A suitable nonwhite cast for A Suitable Boy on BBC
Celebrated writer Vikram Seth’s 1993 meganovel A Suitable Boy is to be adapted by BBC into an eightpart series shot in India with an entirely non-white cast, it was announced on Friday.
Multi-award-winning screenwriter Andrew Davies will adapt the bestseller for BBC One. A modern classic about a young Lata’s search for love and identity in a newly independent, postPartition India defining its own future, it has never been adapted for the screen before.
Piers Wenger, controller of BBC Drama, said: "I’m absolutely thrilled to announce that Vikram Seth’s A Suitable Boy, set in India in the 1950s, will be adapted for the very first time by Andrew Davies."
Seth said: “It is a great pleasure to collaborate with the BBC and Andrew Davies...I have carried with me for a long time the stories of Lata, her family and the many people they encounter.
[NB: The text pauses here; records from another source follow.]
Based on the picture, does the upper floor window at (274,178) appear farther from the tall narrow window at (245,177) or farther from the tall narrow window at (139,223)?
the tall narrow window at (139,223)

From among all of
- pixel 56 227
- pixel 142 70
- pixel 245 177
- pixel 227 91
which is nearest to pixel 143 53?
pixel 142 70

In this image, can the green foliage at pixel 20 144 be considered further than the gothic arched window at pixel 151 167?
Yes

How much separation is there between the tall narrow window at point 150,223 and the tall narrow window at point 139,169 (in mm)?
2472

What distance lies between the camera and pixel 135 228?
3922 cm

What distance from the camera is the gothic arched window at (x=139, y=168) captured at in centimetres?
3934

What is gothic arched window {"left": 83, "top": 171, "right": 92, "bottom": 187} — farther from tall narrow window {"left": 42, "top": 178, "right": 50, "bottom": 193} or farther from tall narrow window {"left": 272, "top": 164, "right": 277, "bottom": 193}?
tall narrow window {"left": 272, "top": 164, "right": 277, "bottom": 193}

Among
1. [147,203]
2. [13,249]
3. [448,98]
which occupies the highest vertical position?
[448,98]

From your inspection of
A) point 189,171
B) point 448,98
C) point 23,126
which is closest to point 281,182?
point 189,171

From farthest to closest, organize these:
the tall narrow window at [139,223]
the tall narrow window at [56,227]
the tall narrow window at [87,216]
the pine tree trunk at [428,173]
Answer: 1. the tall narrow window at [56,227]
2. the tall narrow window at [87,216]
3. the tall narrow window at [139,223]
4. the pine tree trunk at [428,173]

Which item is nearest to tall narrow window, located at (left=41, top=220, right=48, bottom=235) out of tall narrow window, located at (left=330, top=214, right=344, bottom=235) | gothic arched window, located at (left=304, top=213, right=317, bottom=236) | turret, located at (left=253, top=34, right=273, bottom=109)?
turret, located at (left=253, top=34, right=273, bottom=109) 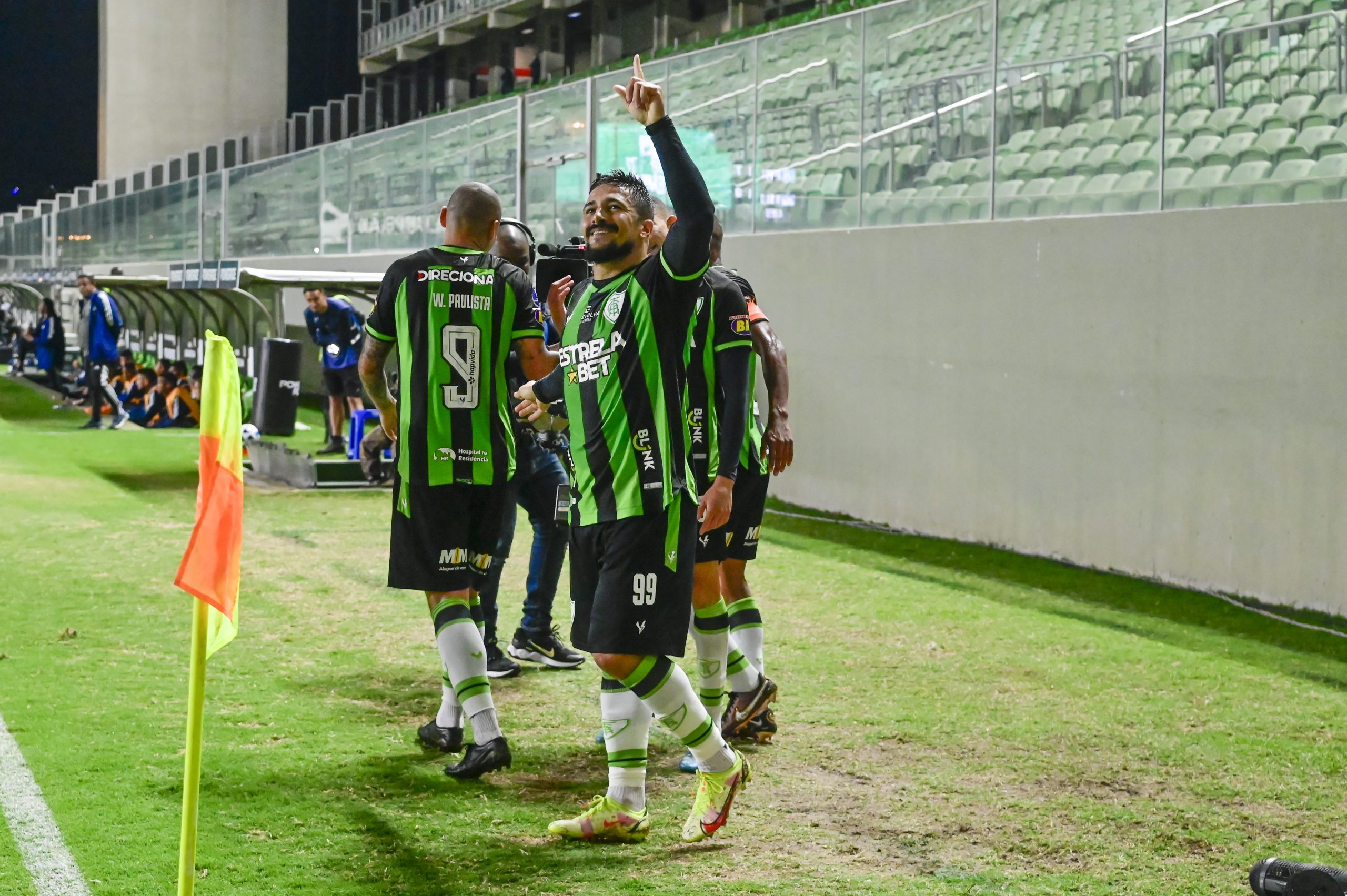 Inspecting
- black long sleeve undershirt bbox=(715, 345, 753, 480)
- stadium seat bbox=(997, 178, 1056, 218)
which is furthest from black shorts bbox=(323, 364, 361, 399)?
black long sleeve undershirt bbox=(715, 345, 753, 480)

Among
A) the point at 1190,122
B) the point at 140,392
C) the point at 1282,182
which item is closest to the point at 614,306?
the point at 1282,182

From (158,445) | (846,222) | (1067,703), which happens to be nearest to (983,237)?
(846,222)

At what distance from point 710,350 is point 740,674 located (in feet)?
4.50

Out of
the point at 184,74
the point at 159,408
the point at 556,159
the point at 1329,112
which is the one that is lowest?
the point at 159,408

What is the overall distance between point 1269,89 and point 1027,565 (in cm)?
349

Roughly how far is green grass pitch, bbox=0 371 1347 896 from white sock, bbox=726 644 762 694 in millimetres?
241

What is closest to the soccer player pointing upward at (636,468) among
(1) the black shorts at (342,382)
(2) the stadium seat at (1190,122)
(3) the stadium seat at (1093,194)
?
(2) the stadium seat at (1190,122)

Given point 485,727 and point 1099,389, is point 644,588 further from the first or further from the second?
point 1099,389

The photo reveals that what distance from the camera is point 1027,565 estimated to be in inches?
390

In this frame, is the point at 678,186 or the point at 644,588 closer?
the point at 678,186

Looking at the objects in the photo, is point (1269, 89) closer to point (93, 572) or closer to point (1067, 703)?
point (1067, 703)

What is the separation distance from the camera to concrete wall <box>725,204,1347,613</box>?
325 inches

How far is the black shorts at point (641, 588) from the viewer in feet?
13.1

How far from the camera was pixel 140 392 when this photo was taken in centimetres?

With Andrew, I feel they are in good hands, and I look forward to seeing them brought to life for television.”
Davies said: “Lata’s trials of the heart speak as loudly to me now as when I first read Vikram’s novel two decades ago. She is a literary heroine in the tradition of Jane Austen and George Eliot.
“But behind her stands a massive supporting cast of striking, funny, irrepressible characters and a vision of India in the 1950s that no reader can ever forget. It will make a wonderful series and I can’t wait to bring the magic of the book to life on screen.”